## Activity
Omit every picture, then return the listing verbatim.

## Dataset excerpt
--- START ---

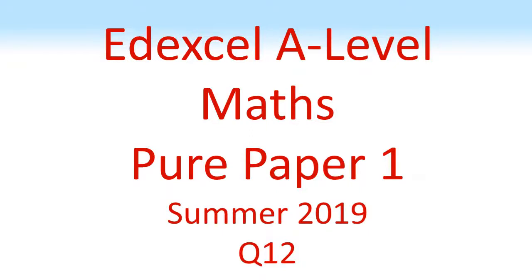Edexcel A-Level Maths, Pure Paper 1, Summer 2019, Question 12.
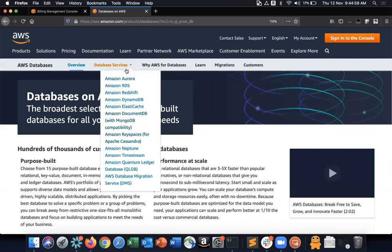A quick summary: AWS offers a wide variety of database services accessible from the console dropdown — Aurora, RDS, Redshift, DynamoDB, ElastiCache, DocumentDB, and more.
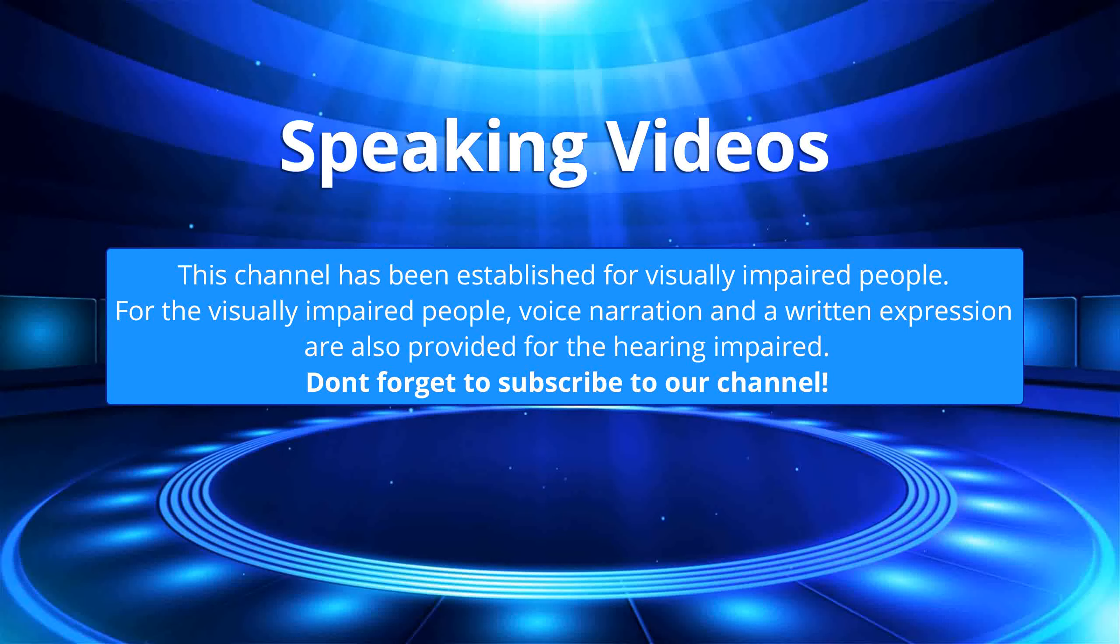This channel has been established for visually impaired people. For the visually impaired people, voice narration and written expression are also provided for the hearing impaired. Don't forget to subscribe to our channel.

--- END ---

## Answer to the problem
Edexcel A-Level Maths, Pure Paper 1, Summer 2019, Question 12.
A quick summary: AWS offers a wide variety of database services accessible from the console dropdown — Aurora, RDS, Redshift, DynamoDB, ElastiCache, DocumentDB, and more.
This channel has been established for visually impaired people. For the visually impaired people, voice narration and written expression are also provided for the hearing impaired. Don't forget to subscribe to our channel.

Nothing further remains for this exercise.